Open-source News

The Network Evolves: ONE Summit Presents Collaborative and Transformative Program Across Networking, Edge, IoT

The Linux Foundation - Thu, 09/01/2022 - 00:00
  • Industry experts will share their knowledge across 5G, factory floor, agriculture, government, Smart Home, and Robotics use cases
  • Speakers from  50+ companies, 20 end users, 16 countries during ONE Summit 
  • Industry experts across the expanding open networking and edge ecosystems confirmed to present insights during ONE Summit North America, November 15-16, in Seattle, WA

SAN FRANCISCO, August 31, 2022 LF Networking, the facilitator of collaboration and operational excellence across open source networking projects, announced the ONE Summit North America 2022 session schedule is now available. Taking place in Seattle, WA November 15-16, ONE Summit is the one  industry event that brings together decision makers and implementers for two days of in-depth presentations and interactive conversations around 5G, Access, Edge, Telco, Cloud, Enterprise Networking, and more open source technology developments. 

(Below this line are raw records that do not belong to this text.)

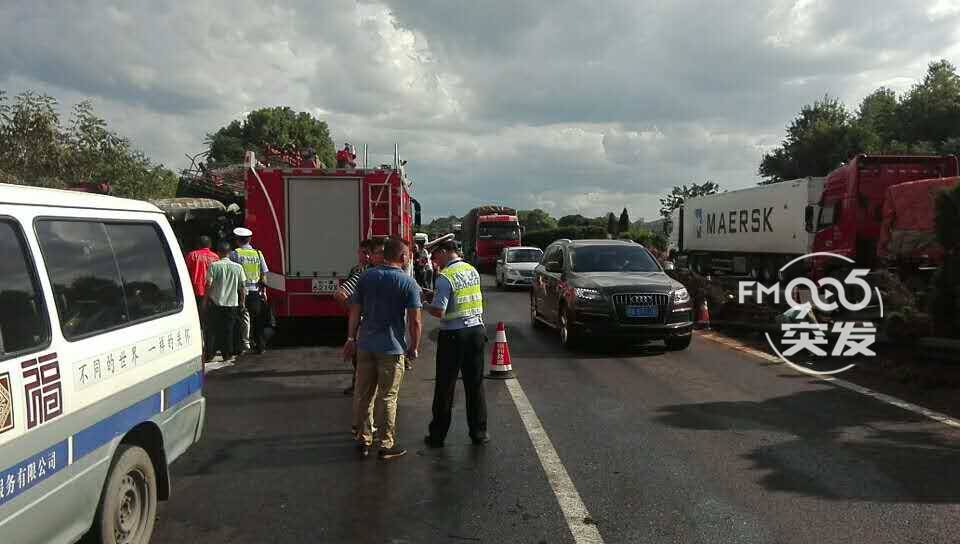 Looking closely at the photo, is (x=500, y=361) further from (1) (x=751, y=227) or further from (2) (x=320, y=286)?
(1) (x=751, y=227)

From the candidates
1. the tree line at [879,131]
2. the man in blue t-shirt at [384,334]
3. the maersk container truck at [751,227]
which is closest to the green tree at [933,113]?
the tree line at [879,131]

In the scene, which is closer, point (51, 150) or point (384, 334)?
point (384, 334)

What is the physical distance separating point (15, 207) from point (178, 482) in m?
2.85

“LF Networking is proud to set a high bar with the quality of content submissions for this year’s ONE Summit, and to offer an innovative line-up of diverse sessions,” said Arpit Joshipura, General Manager, Networking, Edge, and IoT, the Linux Foundation. “We will also touch on gaming, robotics, 5G network automation, factory floor, agriculture and more, with a strong program based on the power of connectivity.” 

The event will feature an extensive program of 70+ diverse business and technical sessions that cover cutting-edge topics across five presentation tracks: Industry 4.0; Security; The New Networking Stack; Operational Deployments (case studies, success & challenges); and Emerging Technologies and Business Models. 

Conference Session Highlights:

ONE Summit returns in-person for the first time in two years in its best format ever! The use-case driven content is strong in breadth and depth and includes sessions from open source users with whom LF Networking is engaged for the first time. Attendees will have a choose your own adventure experience as they select from a variety of content formats from interactive sessions, panels, in-depth tutorials, to lightning talk sessions with quick glances of future- looking thought processes. 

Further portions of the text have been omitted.